Dataloader return wrong batch shape

I’m having trouble while fine-tuning pretrained monolingual Roberta model.

This is my custom dataset:

class VnParaDataset(Dataset):
    def __init__(self, encodings):
        self.encodings = encodings

    def __len__(self):
        return len(self.encodings)

    def __getitem__(self, index):
        item = {key: torch.tensor(val[index]) for key, val in self.encodings.items()}
        return item

‘input_ids’,‘token_type_ids’,‘attention_mask’ of encodings has shape of [5440,193].

My Dataloader is:

train_loader = DataLoader(train_dataset, batch_size=32, shuffle=True)

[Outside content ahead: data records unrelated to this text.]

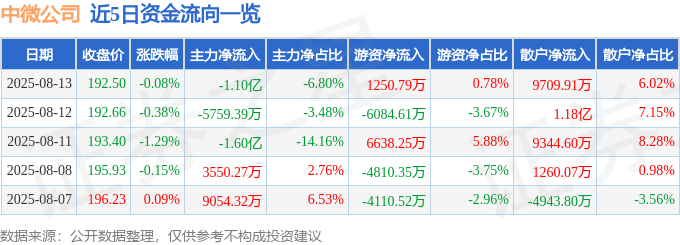 股票行情快报:中微公司(688012)8月13日主力资金净卖出1.10亿元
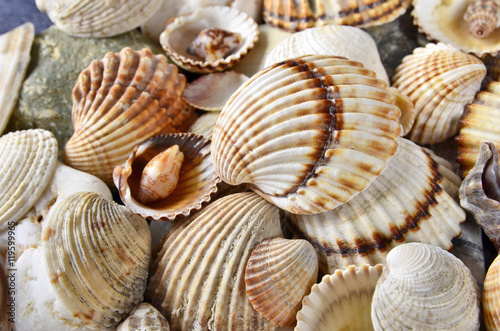  close-up seashells and stones of many types and sizes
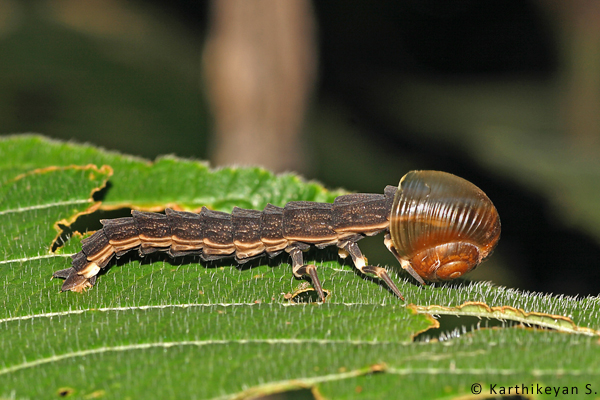 Even the very innocuous glow worm makes a meal of the herbivorous snail. It manages to get past the defenses of the snail and feed on the soft body of the snail. (For more about glow worms https://beta.wildwanderer.com/the-snail-and-the-glow-worm/ )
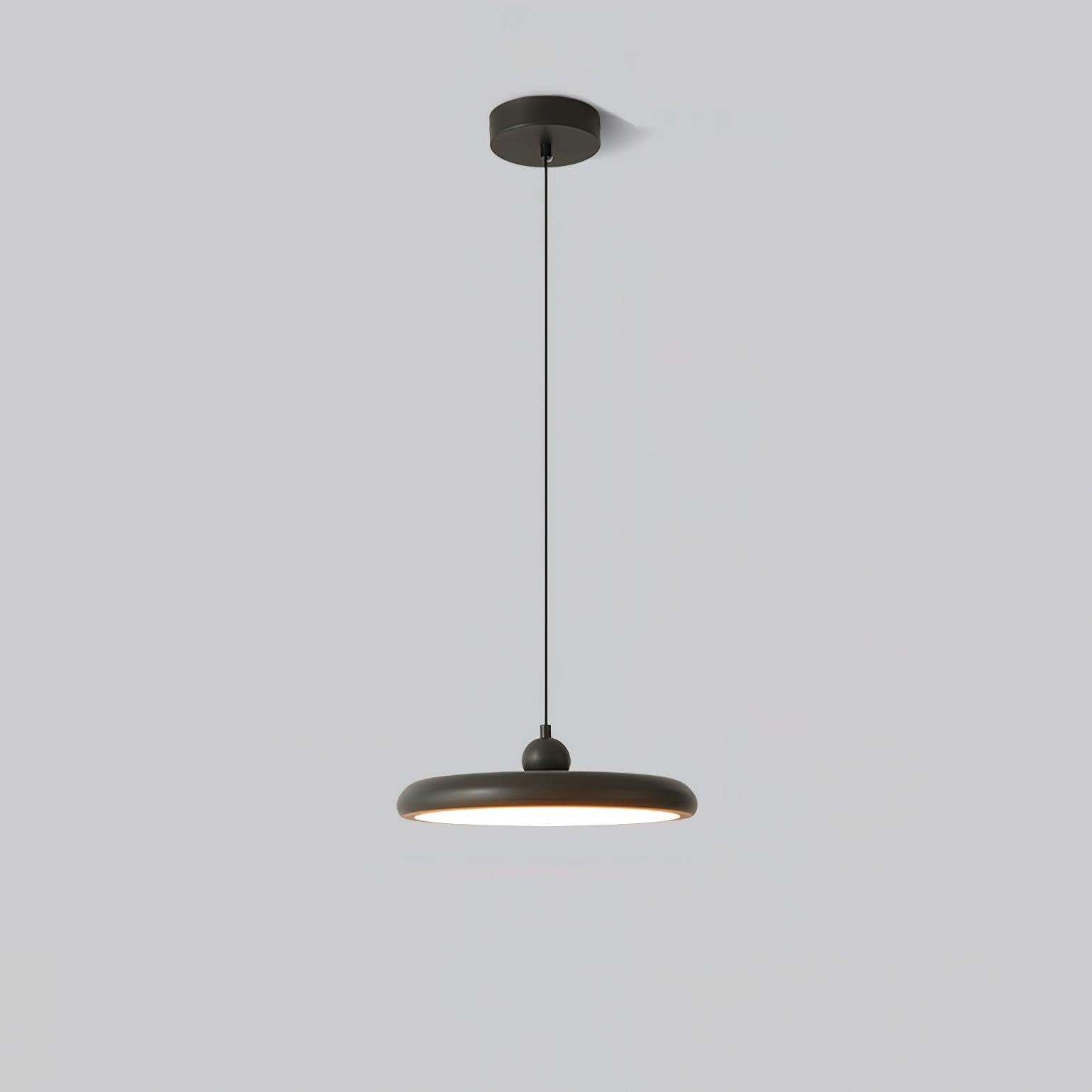 Thin Disc Pendant Lamp M404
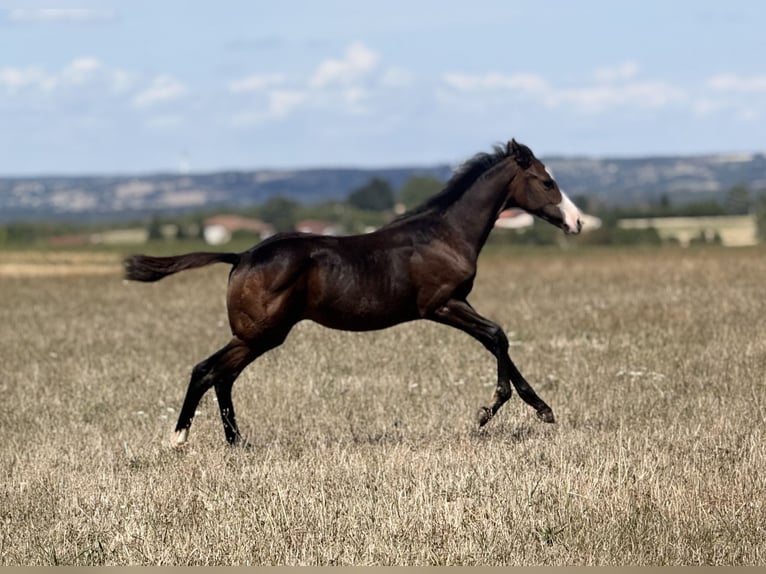 American Paint Horse Yegua Potro (04/2026) 155 cm Castaño oscuro in Thodure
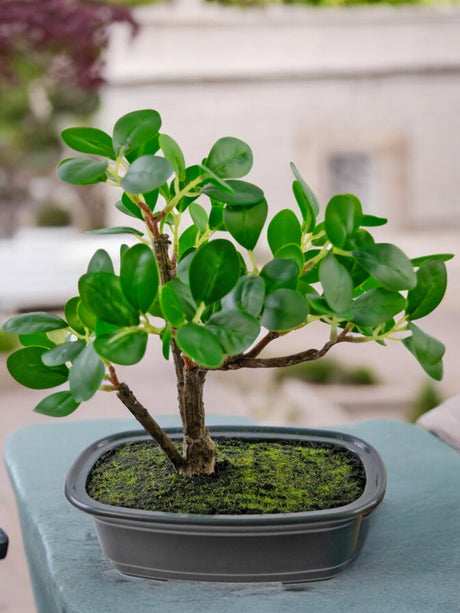 Livraison plante Ficus - bonsai artificiel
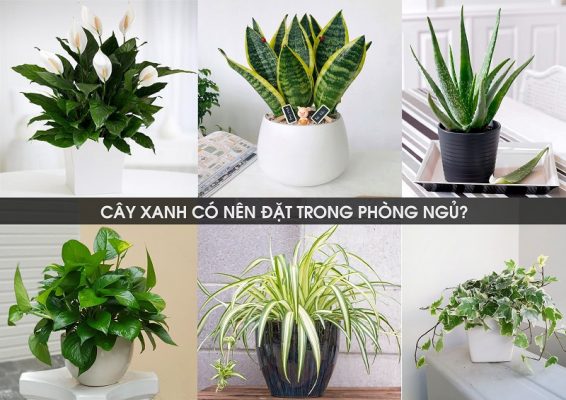 luu-y-khi-dat-trong-cay-xanh-trong-phong-ngu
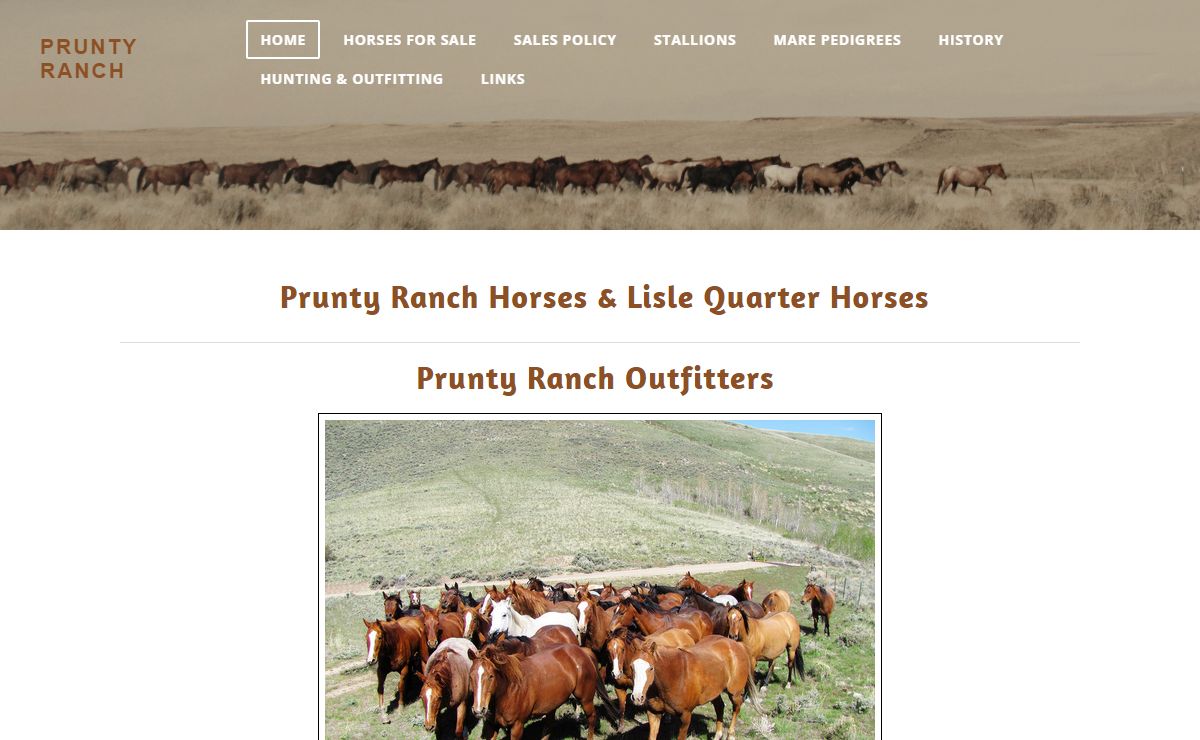 PRUNTY RANCH - Nevada Ranch Horses for Sale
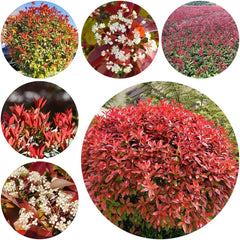Rote Glanzmispelsamen, Red Robinsamen, Hochbeet Winterharte Balkonpflanzen Gewächshaus Mehrjährig Garten 420Pcs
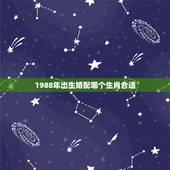 1988年出生婚配哪个生肖合适，88年的男生最佳配偶是什么属相？
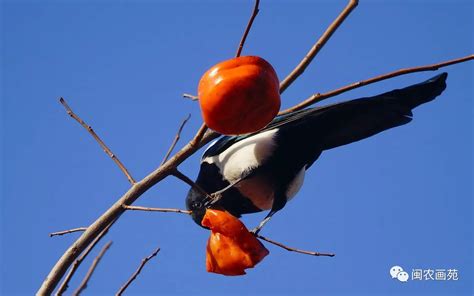 留几枚柿子在树上原来是给喜鹊吃的（太美了！）-搜狐大视野-搜狐新闻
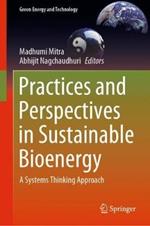 Practices and Perspectives in Sustainable Bioenergy: A Systems Thinking Approach
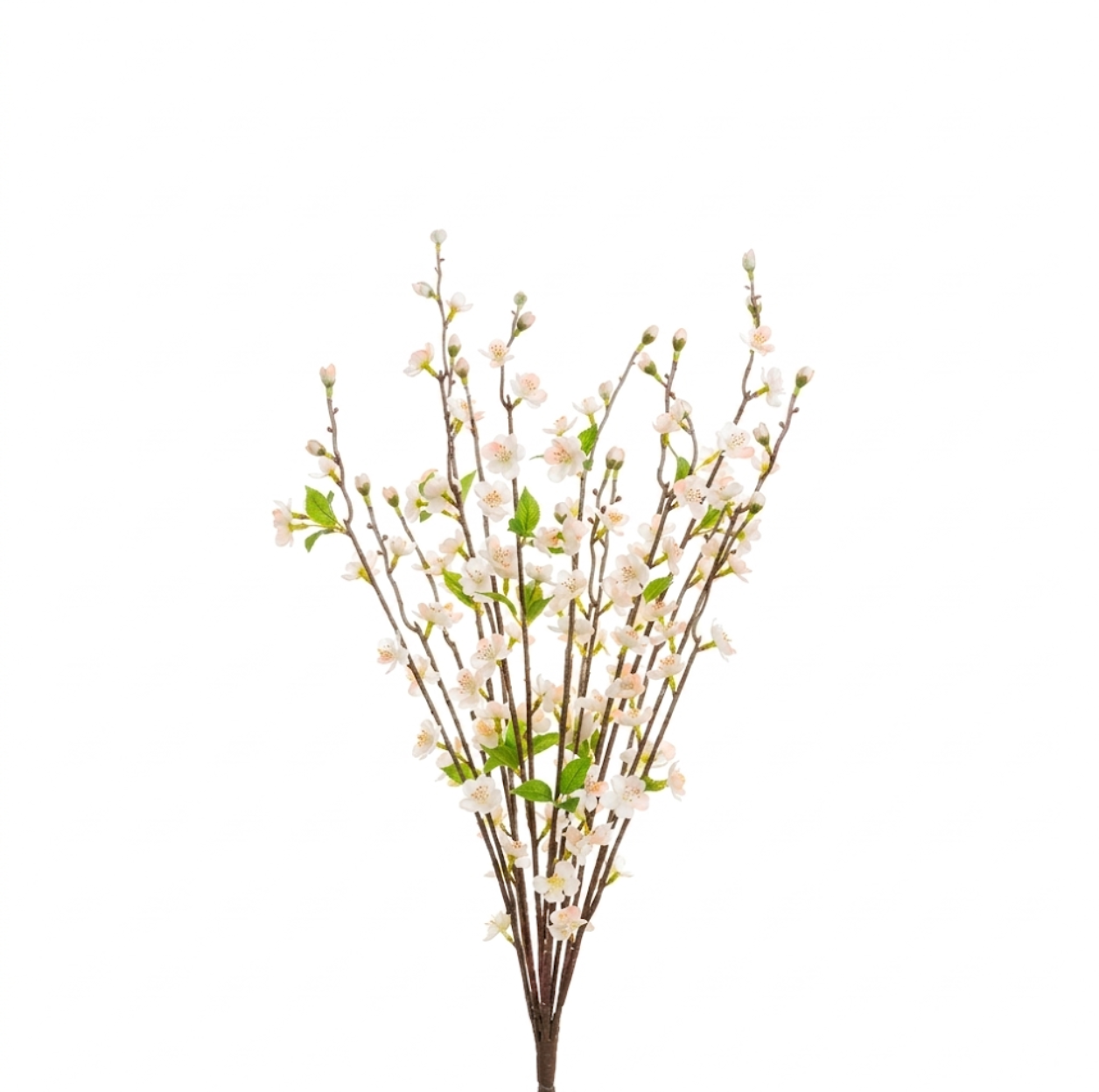 Peach Blossom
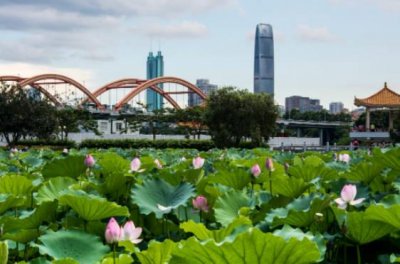 ​深圳十大免费景点排行 上榜的有洪湖公园和梧桐山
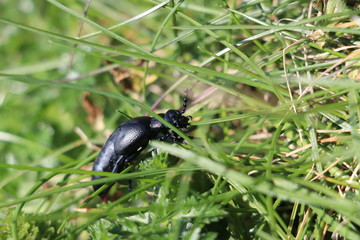 Black beetle on grass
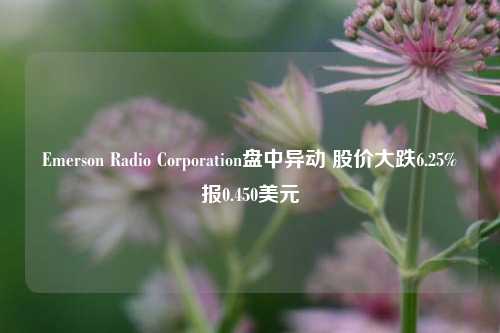 Emerson Radio Corporation盘中异动 股价大跌6.25%报0.450美元-第1张图片-徐州汽车网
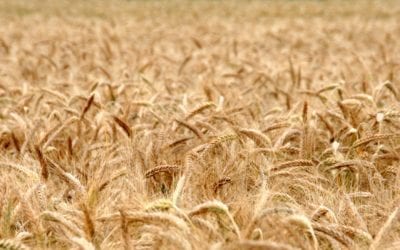 Grano tenero e grano duro: qual è la differenza?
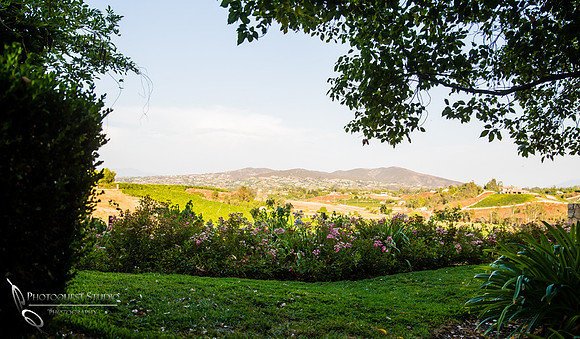 South-Coast-Winery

However, when I loop through batches, my batch have shape of [3,193] and len(train_loader)=1:

for epoch in range(epochs):
    count = 0
    for batch in train_loader:
        print('Epoch {0} - Batch {1}'.format(epoch, count))
        input_ids = batch['input_ids'].to(device)
        attention_mask = batch['attention_mask'].to(device)
        outputs = phobert(input_ids, attention_mask=attention_mask, token_type_ids=None)
        loss = outputs[0]
        count += 1

Shouldn’t the shape of one batch be [32,193] and there are 5440/32=170 batches in train_loader?

The length of a dict would return the number of keys, so you might want to use:

    def __len__(self):
        return len(self.encodings['input_ids'])